__What the task asks__
Print all of the data exactly, but drop the pictures.

__Source data__
========================
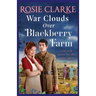 War Clouds Over Blackberry Farm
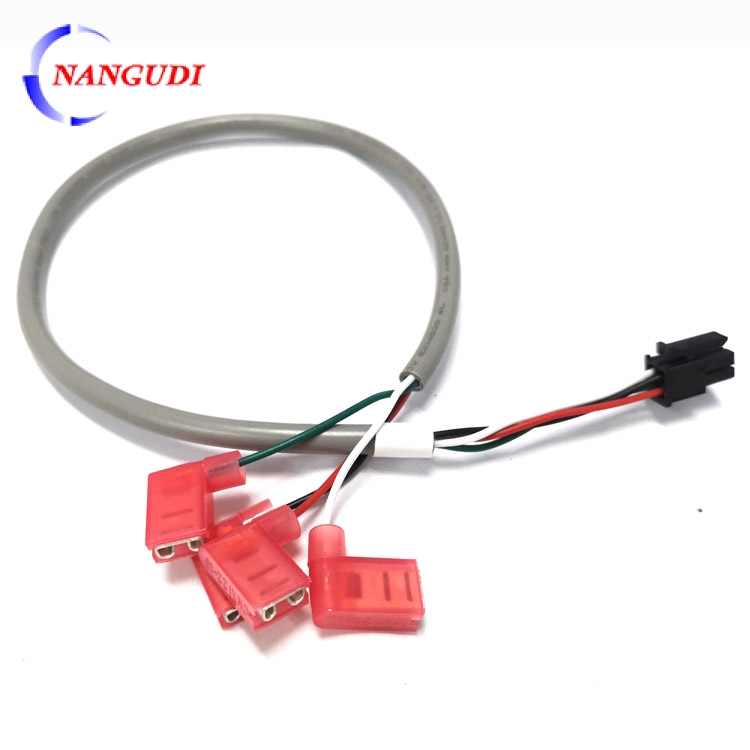 MX3.0高速变频电...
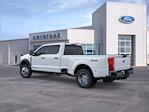 New 2026 Ford F-450 XL Crew Cab for sale #C26059 - photo 2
========================
__Response__
 War Clouds Over Blackberry Farm
 MX3.0高速变频电...
 New 2026 Ford F-450 XL Crew Cab for sale #C26059 - photo 2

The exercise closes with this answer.